Before conducting an experiment, or beginning work on a field population, one may want to design the sampling strategy to obtain the highest power within a set of constraints. One might be constrained by three different parameters: limited number of total observations, limited number of individuals (or groups, e.g. families, social units, populations) and limited number of observations per individual. All power analyses require some a priori knowledge (or assumption) regarding the magnitude of the variance components and fixed effects in a random regression model. Here, we have simulated four different variance structures. In the first two cases, a relatively small between‐individual variance in elevations was simulated, V_I = 0·2, V_S = 0·1 and V_R = 0·8, with two different values of the intercept–slope correlation (r_IS), 0 and 0·5. We then simulated stronger between‐individual variance in elevation, V_I = 0·4, V_S = 0·1 and V_R = 0·6, when r_IS = 0 and when r_IS = 0·5. In the absence of I × E or at X = 0, repeatability could be estimated as V_I (V_I + V_R)⁻¹, implying simulated repeatabilities of 0·2 and 0·4 at X = 0, respectively. Repeatabilities between 0·2 and 0·4 are commonly observed in personality, behavioural, life history and morphological traits in both field and laboratory settings (Roff 1996; Réale et al. 2007; Bell, Hankison, & Laskowski 2009).

To investigate the optimal allocation of sampling effort between the number of individuals and number of observations per individual, we simulated data sets with three different total numbers of observations (or total sample sizes, TSS): 50, 200 and 1000. The SSF function was used to simulate different ratios of individuals to observations per individual such that the total number of observations always summed to the relevant TSS specified in the function. Thus, the two extreme combinations for TSS = 200 are two individuals with 100 replicates each and 100 individuals with two replicates each. We ran 500 simulations for each scenario.

As an example of the use of pamm, we estimated the power of a random regression analysis to detect V_I and I × E [i.e. both V_S and cov(I,S)] using a data structure based on a study of behavioural plasticity in Eastern chipmunks (Tamias striatus; Martin & Réale 2008). In this study, changes in behavioural responses to repeated hole‐board test were analysed in 24 chipmunks with, on average, four tests per individual (range = 2–6 observations). For each individual, hole‐board tests were sequentially numbered, and test number was used as the environmental variable (X) to evaluate the habituation rate. We first tested how an increase in the number of replicates could increase the power to detect significant V_I and I × E. We fixed the number of individuals at 24 and varied the number of replicate tests per individual between 2 and 40. Note that 40 observations per individual represent a number of tests that would be impossible to obtain in the field for both practical and ethical reasons. We ran mixed models on 500 simulated data sets for each of the two hypothetical Ψ matrices. We then flipped the scenario to investigate how varying the number of individuals affected the power by fixing the number of replicates at four and by varying number of individuals tested between 2 and 100. Again, we note that 100 is more than twice the actual size of the chipmunk population upon which these simulations are loosely based.

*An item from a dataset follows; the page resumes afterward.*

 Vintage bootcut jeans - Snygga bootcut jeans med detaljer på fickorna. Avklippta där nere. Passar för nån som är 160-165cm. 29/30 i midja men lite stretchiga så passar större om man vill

Scenario 2: power analysis in the putative absence of I × E (function ‘EAMM’)

We estimated the power to detect I × E with random regression models using data structures similar to those reported in two recent studies that failed to find significant variances in slope (Reed et al. 2006; Charmantier et al. 2008). These two studies represent different extremes of data structure that are likely to be collected from long‐term individual‐based studies of wild populations. Charmantier et al. (2008) investigated reaction norm variation for first egg laying date in response to spring temperature over 46 years in a population of wild great tits (Parus major) in Wytham Woods in Oxfordshire, UK. The authors ran random regression models on three subsets of their data, each yielding consistent results. Specifically, they restricted their analyses progressively to data sets including only females with two or more observations (4462 observations on 1746 individuals over 46 years), three or more observations (2258 observations on 644 individuals), and four or more observations (1040 observations on 238 individuals). Reed et al. (2006) also investigated variation in reaction norms of egg laying date in response to climate (in this case, the North Atlantic Oscillation) over 23 years in a population of guillemots (Uria aalge) on the Isle of May, UK. Here, the authors restricted their analyses to individuals with four or more laying date observations (2597 observations on 245 individuals over 23 years). While the sample sizes collected in both studies are exemplary for vertebrate field studies, the data structures are rather different. In both studies, the environmental variable was measured on an annual basis such that the same value was assigned to all individuals observed in the population level in any given year. While the great tit data set has twice as many years (and so values of the environmental covariate) represented, it is also characterized by a smaller number of repeated observations per individual when compared to the guillemot study. This is a consequence of the marked difference in life span between these two species. With the data restricted to individuals with four or more observations, the mean number of observations per individual was 4·4 for the great tits and 10·6 for the guillemots.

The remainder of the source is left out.